Suis-je bien en Afrique? C’est la question que je me pose depuis mon arrivée à Kigali avant-hier… Les routes sont toutes propres et les feux de circulation sont respectés dans le centre-ville; il n’y a pas de gros rires ni de grands rassemblements sonores; on ne voit pas d’effusions ou de grandes embrassades…

Autour des hôtels de la conférence à laquelle j’assiste, la sécurité est maximale. Des soldats armés lourdement à chaque coin de rue, de multiples barrages routiers et contrôles de sécurité…

Et partout ce sentiment d’un non-dit, derrière l’amabilité de l’accueil.

Mémorial du génocide

Le principal point touristique de la ville est le Mémorial du génocide: à flanc de colline, des dalles de béton qui scellent des fosses communes, des jardins fleuris, une maisonnette qui abrite un musée.

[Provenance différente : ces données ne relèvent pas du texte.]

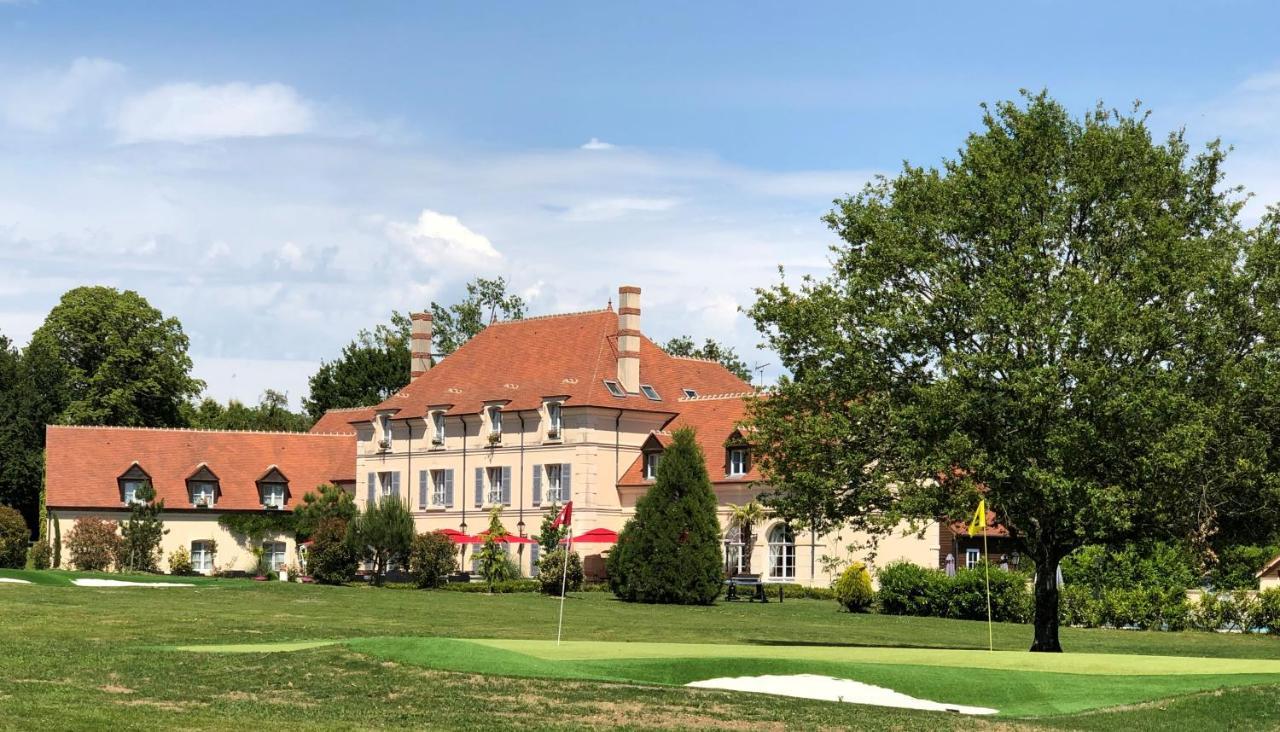 Hotel Domaine De L'Orangerie Bonnat ภายนอก รูปภาพ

A l’intérieur: la nudité des faits – en faisant abstraction du pathos, du fait que ce sont les vainqueurs écrivent l’histoire, et du sens du temps qui nous donne l’avantage de juger nos prédécesseurs. Malgré tout cela, cette nudité des faits est terrifiante.

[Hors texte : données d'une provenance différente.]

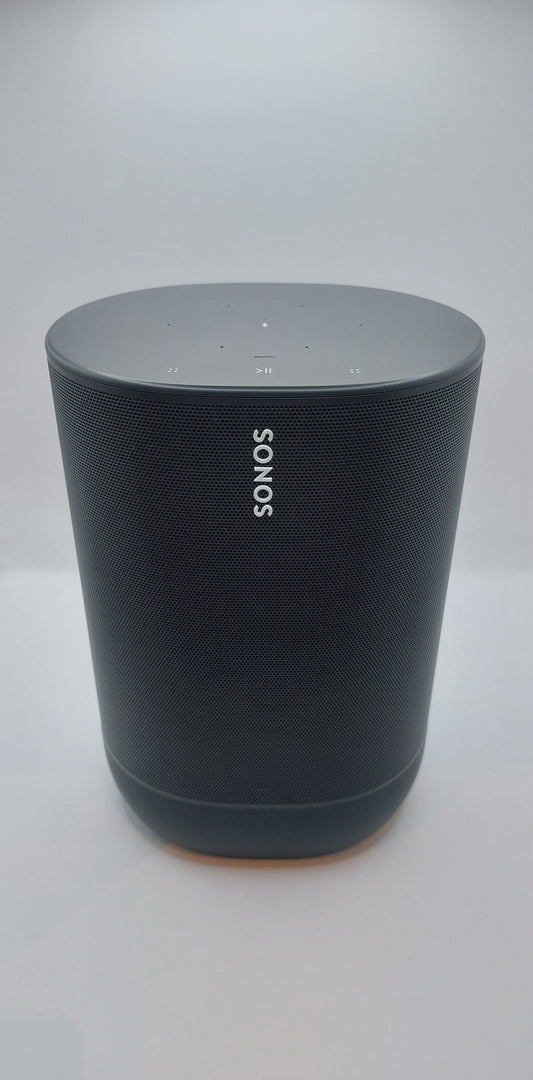 Sonos Move gen 1 - komplett i eske m/ ladedocking (4E-D)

Quelques rapports alarmés précédent le drame, mais rien qui annonce l’horreur et la rapidité du génocide.

En 1994, en trois mois, 800 000 morts, selon une mécanique préparée de longue date. A comparer aux 10 millions d’habitants de l’actuel Rwanda.

L’horreur inexplicable

Aucun événement historique (Verdun, l’holocauste…) n’atteint cette fulgurance de la mort. Et même s’il apparaît, à présent, que le Génocide à fait l’objet d’une préparation approfondie, comment se convaincre que c’est possible? Autant on peut concevoir que des gouvernements s’appuient sur une mécanique étatique bien organisée pour commettre leurs forfaits, les militaires faisant la mise à mort, autant ici les atrocités furent partagées entre tous: comment?

Et comment passer l’éponge, une fois que l’armée tutsi (réfugiée temporairement en Ouganda) à repris le pays et chassé les forces hutus, que Kagame à été élu à la présidence avec 95% des voix, qu’un tribunal international à été mis en place? Des « Gacaca » (tribunaux traditionnels) sont créés et reçoivent une formation juridique élémentaire; à eux tous ils jugent près de 2 millions de cas.

Toujours ce malaise en traversant Kigali, et ses collines souriantes. Peut-être parce que tous ceux que je croise ont vécu les événements, et font comme si de rien n’était?